In recent times, climate change seems to be dominating your personal agenda.

That has been the case for several years now. Because it is the most serious technological-related disaster of all times, causing our lives to be increasingly disrupted by the growing incidence of hurricanes, floods, droughts, and sea-level rises. We could slow down this process and hope that  the climate will eventually stabilise and leave us with a habitable world, but only if we take rapid action, and serious action at that. So far there is little sign of any such action being taken.

The only interest such global corporations serve is their own. But the public is coming to realise that there is a serious gulf between the interests of monster corporations and those of humanity and the natural world, and this is cause for hope. These citizens are protesting Shell’s role in the murder of Nigerian activist Ken Saro-wiwa.

How else are we likely to be affected?

To begin with the ecological changes will wreak havoc with species and ecosystems. A mega-diversity nation like India could wind up losing over 30 or 40 per cent of its wild species within a century. No computer models can possibly predict the consequences of such trauma on public health, food security and human longevity.

Modern agriculture is not only highly vulnerable to climate change; it is also a major cause of climate change due to its emissions of greenhouse gases and its damaging effects on soil and freshwater resources. A combination of traditional agricultural knowledge and techniques, combined with newly emerging sustainable technologies, may hold the answers we need and towards this end, India with its strong traditional agricultural base may just turn out to be the lighthouse the rest of the world needs to make its switch to sustainable – largely organic – agricultural practices. But if such lessons are not implemented at home then climate-induced soil instability and plant disease could result in the collapse of this great nation’s food security.
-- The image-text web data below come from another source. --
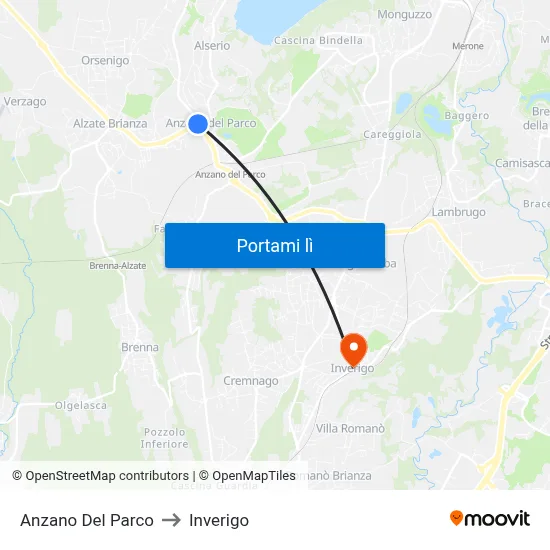 Anzano Del Parco to Inverigo map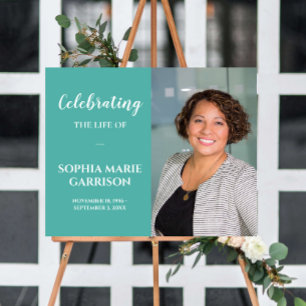 Teal Blue Photo Welcome to Celebration of Life Foam Board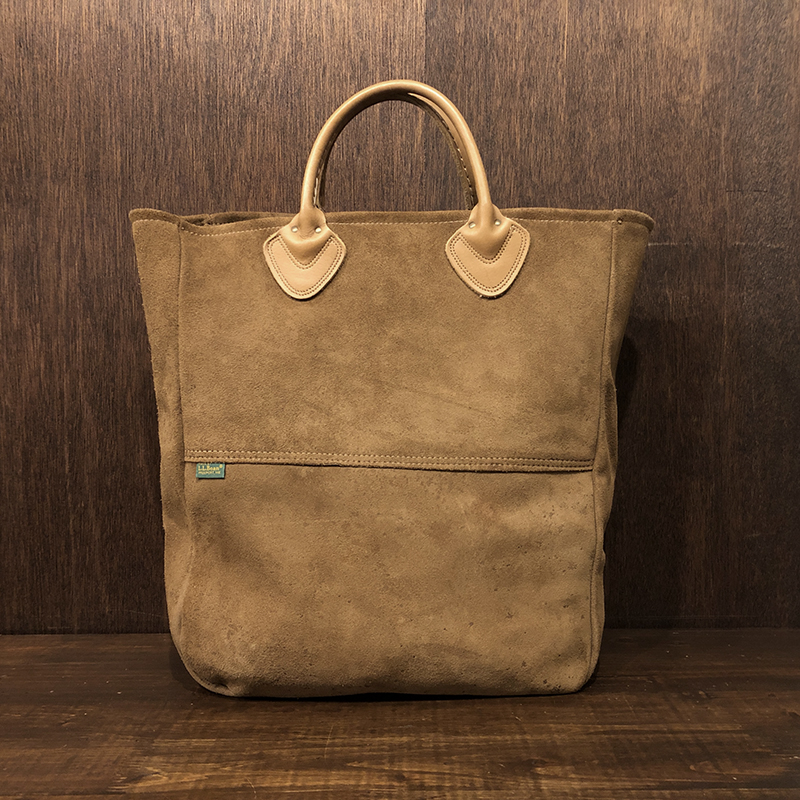 LL Bean Brown Suede All Leather Green Tag Vintage Tote Bag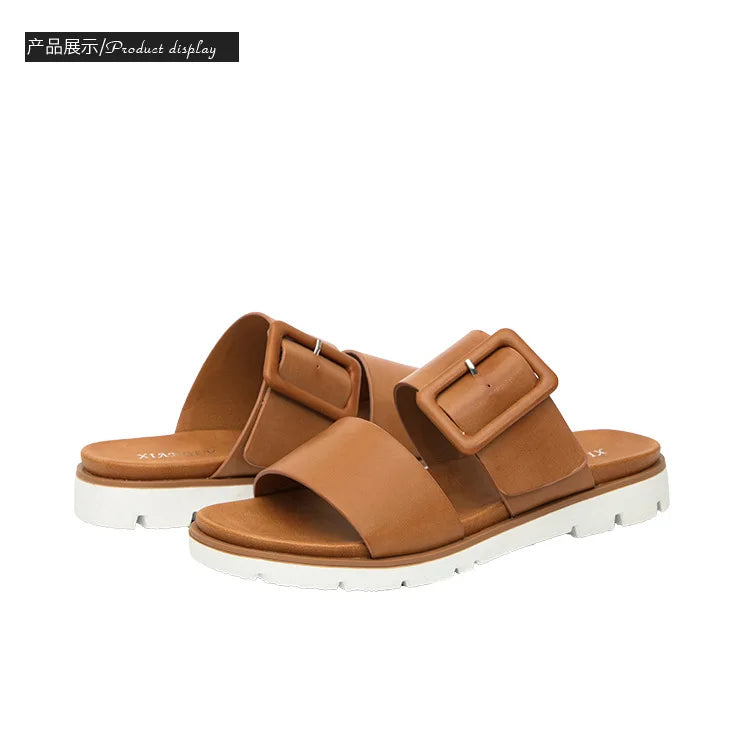 Adjustable Square Buckle Women Slide Sandals Two Strap Platform Slippers Low Heel Soft Sole Summer Open Toe Walking Casual Shoes Pi-Mart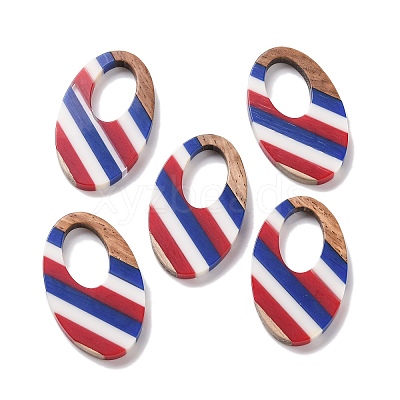Independence Day Opaque Striped Resin & Walnut Wood Pendants RESI-U010-02M-1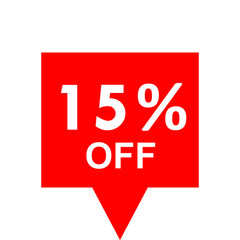 Sale - 15 percent off - red tag isolated - vector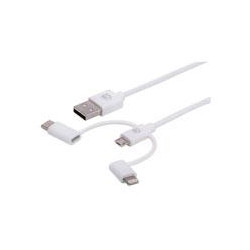 CABLE USB 3 EN 1 USB TIPO A A USB MICRO B USB TIPO C Y LIGHTNING 1 M BLANCO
What lies ahead? Hope, or despair?

Hope. The large demonstrations that are now beginning to occur wherever the World Trade Organisation (WTO), the World Bank, the IMF, and the Biotech Industry now choose to convene are symptoms of the growing feeling by the public that there is a serious gulf between the interests of these monster corporations and those of humanity and the natural world. In this respect Seattle with its massive anti-globalisation, anti-WTO protests, was a watershed in November 1999, and so was Cancun in September 2003 (when warships were called out to contain the peaceful tidal wave of protests). If the public becomes sufficiently informed and continues to react as it has been doing these last few years against the sordid agenda of its political and industrial leaders, we might indeed be faced with a much rosier future.